Information:
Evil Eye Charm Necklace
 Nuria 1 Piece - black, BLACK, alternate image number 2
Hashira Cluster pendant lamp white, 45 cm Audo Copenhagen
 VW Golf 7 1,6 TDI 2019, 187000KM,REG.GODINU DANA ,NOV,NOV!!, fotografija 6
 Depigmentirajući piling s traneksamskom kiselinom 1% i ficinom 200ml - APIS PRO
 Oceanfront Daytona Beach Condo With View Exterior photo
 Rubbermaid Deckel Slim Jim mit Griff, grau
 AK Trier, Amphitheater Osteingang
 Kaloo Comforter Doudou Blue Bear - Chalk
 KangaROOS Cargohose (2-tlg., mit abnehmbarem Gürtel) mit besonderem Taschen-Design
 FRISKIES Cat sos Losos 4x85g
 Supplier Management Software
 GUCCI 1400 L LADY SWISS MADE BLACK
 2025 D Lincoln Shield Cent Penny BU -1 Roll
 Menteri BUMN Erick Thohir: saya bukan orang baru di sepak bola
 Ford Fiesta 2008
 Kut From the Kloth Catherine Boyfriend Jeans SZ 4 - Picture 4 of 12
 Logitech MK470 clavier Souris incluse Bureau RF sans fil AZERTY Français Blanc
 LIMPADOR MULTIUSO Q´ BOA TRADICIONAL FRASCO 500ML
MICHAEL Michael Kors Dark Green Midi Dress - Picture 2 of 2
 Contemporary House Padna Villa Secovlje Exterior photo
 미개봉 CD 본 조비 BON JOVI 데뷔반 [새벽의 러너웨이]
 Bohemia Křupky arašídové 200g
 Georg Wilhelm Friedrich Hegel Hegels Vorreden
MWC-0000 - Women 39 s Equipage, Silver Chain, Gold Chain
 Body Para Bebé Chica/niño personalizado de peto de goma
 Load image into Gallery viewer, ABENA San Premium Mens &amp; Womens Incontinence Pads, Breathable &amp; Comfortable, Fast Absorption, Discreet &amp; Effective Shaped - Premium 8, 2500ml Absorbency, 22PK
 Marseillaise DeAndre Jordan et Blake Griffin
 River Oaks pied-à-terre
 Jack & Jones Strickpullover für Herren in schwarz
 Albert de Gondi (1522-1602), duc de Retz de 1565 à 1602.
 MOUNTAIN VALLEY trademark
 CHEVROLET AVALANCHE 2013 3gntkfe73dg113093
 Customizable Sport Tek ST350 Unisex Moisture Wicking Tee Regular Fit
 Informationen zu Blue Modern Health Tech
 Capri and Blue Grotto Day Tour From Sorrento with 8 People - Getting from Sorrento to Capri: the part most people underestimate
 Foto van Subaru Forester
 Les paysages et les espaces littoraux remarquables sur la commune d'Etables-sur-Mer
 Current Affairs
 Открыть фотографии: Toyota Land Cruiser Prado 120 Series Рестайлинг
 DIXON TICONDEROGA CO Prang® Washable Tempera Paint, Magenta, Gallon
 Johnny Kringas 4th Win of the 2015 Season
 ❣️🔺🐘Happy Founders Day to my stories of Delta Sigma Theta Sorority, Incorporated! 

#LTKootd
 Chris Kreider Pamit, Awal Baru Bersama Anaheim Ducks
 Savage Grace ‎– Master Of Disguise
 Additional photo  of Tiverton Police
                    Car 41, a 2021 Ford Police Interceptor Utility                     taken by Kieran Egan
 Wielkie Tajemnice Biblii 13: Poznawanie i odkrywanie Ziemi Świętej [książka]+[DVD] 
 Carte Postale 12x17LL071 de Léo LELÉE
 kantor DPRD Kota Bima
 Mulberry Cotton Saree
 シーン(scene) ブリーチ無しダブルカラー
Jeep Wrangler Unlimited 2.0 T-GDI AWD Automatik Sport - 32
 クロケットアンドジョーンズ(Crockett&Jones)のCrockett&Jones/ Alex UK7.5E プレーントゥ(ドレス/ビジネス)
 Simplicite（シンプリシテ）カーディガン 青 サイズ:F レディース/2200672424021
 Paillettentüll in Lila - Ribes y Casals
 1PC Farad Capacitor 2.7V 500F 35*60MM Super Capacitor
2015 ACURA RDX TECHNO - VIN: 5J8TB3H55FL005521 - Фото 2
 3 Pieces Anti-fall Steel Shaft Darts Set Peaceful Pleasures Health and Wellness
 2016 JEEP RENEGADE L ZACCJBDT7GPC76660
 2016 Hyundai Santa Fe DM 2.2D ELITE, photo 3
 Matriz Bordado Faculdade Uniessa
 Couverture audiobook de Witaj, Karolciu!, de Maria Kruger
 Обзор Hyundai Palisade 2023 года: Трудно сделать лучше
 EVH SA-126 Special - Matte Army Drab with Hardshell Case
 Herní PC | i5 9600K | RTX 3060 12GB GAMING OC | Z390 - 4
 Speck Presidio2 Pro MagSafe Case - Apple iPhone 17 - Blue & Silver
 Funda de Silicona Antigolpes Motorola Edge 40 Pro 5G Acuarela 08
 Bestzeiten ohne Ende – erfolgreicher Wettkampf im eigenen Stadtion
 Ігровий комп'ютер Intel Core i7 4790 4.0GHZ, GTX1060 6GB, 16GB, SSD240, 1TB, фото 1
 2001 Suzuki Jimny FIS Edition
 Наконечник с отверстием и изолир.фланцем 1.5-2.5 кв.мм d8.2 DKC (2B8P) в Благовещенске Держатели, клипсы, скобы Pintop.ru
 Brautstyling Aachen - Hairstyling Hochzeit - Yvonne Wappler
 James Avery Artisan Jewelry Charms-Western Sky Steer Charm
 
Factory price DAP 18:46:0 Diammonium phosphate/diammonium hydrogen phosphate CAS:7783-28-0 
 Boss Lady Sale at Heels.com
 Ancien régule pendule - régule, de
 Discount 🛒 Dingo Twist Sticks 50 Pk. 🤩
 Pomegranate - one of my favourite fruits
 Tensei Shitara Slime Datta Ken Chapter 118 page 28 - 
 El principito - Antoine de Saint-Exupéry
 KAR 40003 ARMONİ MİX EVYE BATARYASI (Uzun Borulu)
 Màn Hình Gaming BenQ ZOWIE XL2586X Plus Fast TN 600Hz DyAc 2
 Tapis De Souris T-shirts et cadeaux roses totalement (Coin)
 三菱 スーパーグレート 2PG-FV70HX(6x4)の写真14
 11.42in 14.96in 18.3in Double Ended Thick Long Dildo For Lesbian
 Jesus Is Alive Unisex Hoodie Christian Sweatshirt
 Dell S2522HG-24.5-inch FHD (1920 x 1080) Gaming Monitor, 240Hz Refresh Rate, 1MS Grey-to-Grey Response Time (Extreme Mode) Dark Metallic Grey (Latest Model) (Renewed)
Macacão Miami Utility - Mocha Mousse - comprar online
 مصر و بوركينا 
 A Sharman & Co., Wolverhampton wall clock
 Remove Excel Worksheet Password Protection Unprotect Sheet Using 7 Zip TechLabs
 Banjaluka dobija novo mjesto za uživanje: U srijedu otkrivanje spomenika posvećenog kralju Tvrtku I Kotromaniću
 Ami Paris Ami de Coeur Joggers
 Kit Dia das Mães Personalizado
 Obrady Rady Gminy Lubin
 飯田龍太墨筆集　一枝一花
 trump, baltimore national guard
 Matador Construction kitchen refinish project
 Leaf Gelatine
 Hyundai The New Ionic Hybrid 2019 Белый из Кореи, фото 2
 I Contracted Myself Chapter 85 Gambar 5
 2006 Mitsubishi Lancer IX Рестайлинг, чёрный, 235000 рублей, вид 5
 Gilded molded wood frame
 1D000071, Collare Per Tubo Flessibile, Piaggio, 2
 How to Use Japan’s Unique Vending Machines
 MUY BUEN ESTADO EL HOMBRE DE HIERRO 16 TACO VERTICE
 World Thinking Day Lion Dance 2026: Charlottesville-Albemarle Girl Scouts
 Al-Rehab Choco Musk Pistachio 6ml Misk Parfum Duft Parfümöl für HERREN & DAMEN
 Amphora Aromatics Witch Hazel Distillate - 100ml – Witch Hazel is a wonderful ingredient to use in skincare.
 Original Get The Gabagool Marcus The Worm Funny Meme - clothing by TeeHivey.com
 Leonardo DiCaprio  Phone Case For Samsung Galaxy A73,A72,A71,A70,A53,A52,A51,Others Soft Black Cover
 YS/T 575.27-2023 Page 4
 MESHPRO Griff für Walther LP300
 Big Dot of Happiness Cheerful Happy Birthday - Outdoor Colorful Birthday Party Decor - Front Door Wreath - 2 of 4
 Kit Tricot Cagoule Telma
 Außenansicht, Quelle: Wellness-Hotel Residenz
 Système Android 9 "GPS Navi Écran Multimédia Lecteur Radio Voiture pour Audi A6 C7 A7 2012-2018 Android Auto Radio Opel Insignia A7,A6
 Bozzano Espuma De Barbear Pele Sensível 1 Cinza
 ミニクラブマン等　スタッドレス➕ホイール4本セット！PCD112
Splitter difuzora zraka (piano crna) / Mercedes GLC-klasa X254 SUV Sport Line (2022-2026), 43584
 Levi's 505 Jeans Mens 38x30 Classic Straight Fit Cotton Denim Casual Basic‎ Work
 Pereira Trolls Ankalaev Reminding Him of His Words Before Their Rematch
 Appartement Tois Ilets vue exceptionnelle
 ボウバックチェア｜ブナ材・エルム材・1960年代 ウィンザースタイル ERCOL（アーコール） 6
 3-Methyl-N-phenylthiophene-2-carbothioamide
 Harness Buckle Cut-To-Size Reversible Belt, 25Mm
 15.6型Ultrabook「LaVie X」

What is required:
Only one span is wanted. It runs from the first line of the listing through the line with "Kut From the", and each line must match exactly.

Response:
Evil Eye Charm Necklace
 Nuria 1 Piece - black, BLACK, alternate image number 2
Hashira Cluster pendant lamp white, 45 cm Audo Copenhagen
 VW Golf 7 1,6 TDI 2019, 187000KM,REG.GODINU DANA ,NOV,NOV!!, fotografija 6
 Depigmentirajući piling s traneksamskom kiselinom 1% i ficinom 200ml - APIS PRO
 Oceanfront Daytona Beach Condo With View Exterior photo
 Rubbermaid Deckel Slim Jim mit Griff, grau
 AK Trier, Amphitheater Osteingang
 Kaloo Comforter Doudou Blue Bear - Chalk
 KangaROOS Cargohose (2-tlg., mit abnehmbarem Gürtel) mit besonderem Taschen-Design
 FRISKIES Cat sos Losos 4x85g
 Supplier Management Software
 GUCCI 1400 L LADY SWISS MADE BLACK
 2025 D Lincoln Shield Cent Penny BU -1 Roll
 Menteri BUMN Erick Thohir: saya bukan orang baru di sepak bola
 Ford Fiesta 2008
 Kut From the Kloth Catherine Boyfriend Jeans SZ 4 - Picture 4 of 12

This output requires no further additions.